On his IMDB page, Julia-Levy is listed as an actor, producer and writer. Among his credits is a listing for the 2006 movie The Champagne Gang, on which he is credited as an actor and associate producer under the name Raul Julia Jr.
In the New York Times article, the late actor’s wife says that his use of that name is not only false, but that it damages her son Raul Julia Jr., the real son of the late star of Addams Family and many other major films, as well as stage and TV productions.
In the New York Times, Raul Julia’s widow says that the real name of the man making the false claims is Salvador Alba Fuentes, which she found out by hiring a private investigator.
The biography on IMDB reads: “Raul Julia-Levy grew up in Mexico City and first starred in soap operas in Europe and Mexico before relocating to the United States to pursue his dreams of acting on the big screen. He comes from a prominent family who reside in Mexico City.
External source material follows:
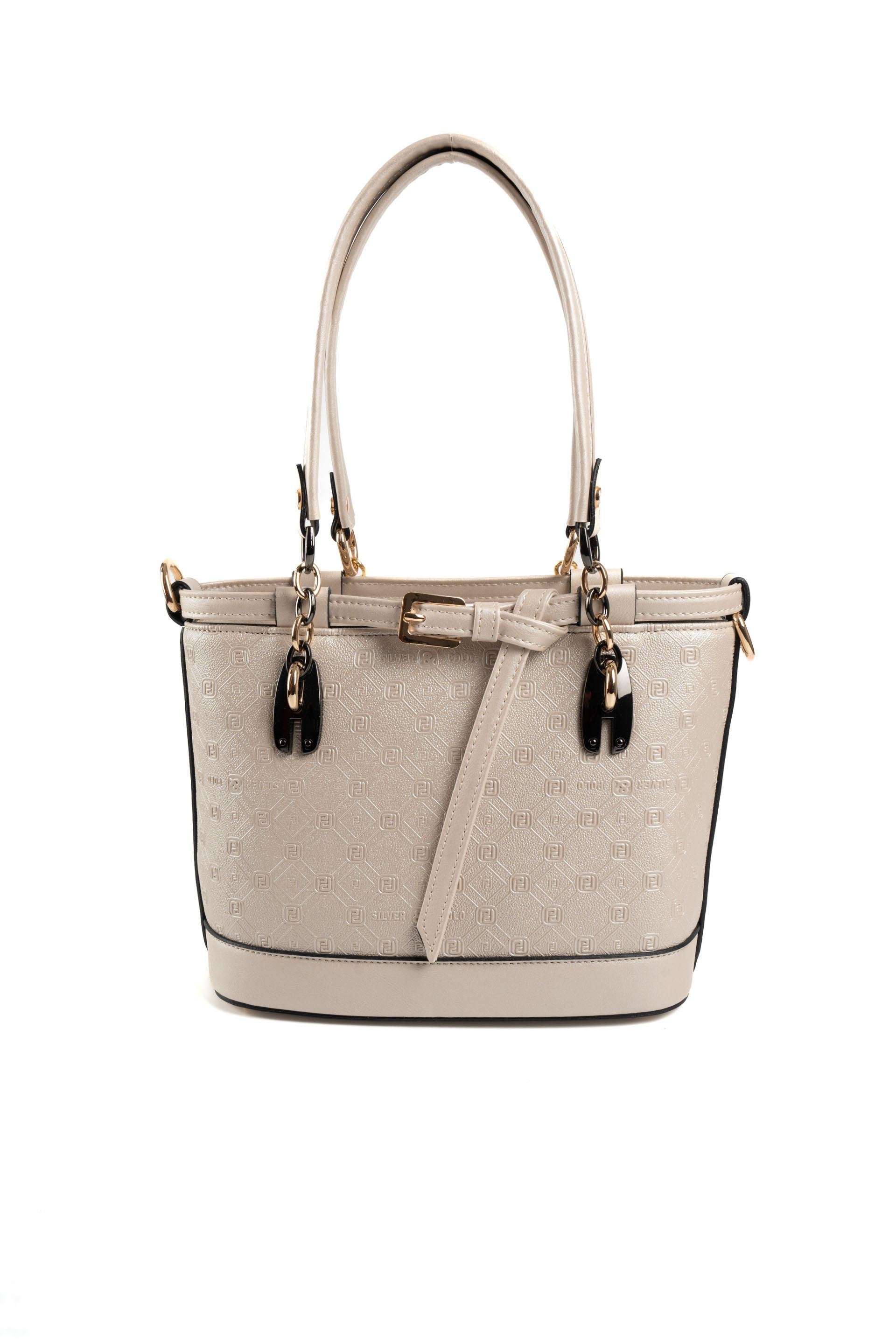 Silver & Polo Bej - S.Bej SP1155 Kadın El Çantası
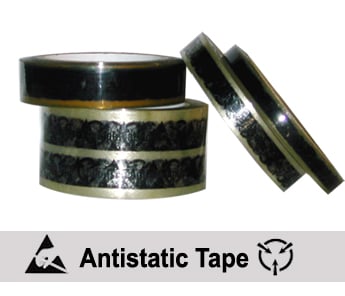 Transforming Technologies CL4803 - P, Static Free Cellophane Tape, Stock Print - ESD Symbol: 2" X 72 Yd, Sleeve of 3 MTESolutions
He is the first grandson of the late Abraham Levy who is well-known in the garment industry.?His younger brother Jose Levy resides in Mexico City and is involved in politics.?He has two daughters.”
The bio says it was written by “LH Vaughnes, Publicist,” but a search did not immediately turn up anyone by that name with a publicity firm.
Attempts to reach Julia-Levy were not successful.
On The Wrap website, Pond is described as “A former L.A. Times reporter” and “author of the L.A. Times bestseller The Big Show.”
The Wrap founder and editor Sharon Waxman said Monday she has not had a chance to read the lawsuit and discuss it with her attorney, so at this time she has no comment. In response to an email, Pond wrote, “I’m sorry but at this point I can’t comment.”
Theiriot is represented by Larry Stein and a team from LA’s Line Yankelevitz law firm.